Please restate the data below word for word, omitting all images.

*** Opening Data segment ***

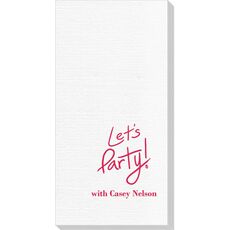 Fun Let's Party Deville Guest Towels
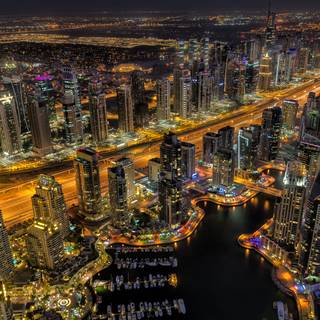 Dubai at night wallpaper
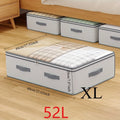 Under-Bed Storage Bag with Clear Window and Reinforced Handles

*** Closing Data segment ***

• _Exercise solution_
 Fun Let's Party Deville Guest Towels
 Dubai at night wallpaper
 Under-Bed Storage Bag with Clear Window and Reinforced Handles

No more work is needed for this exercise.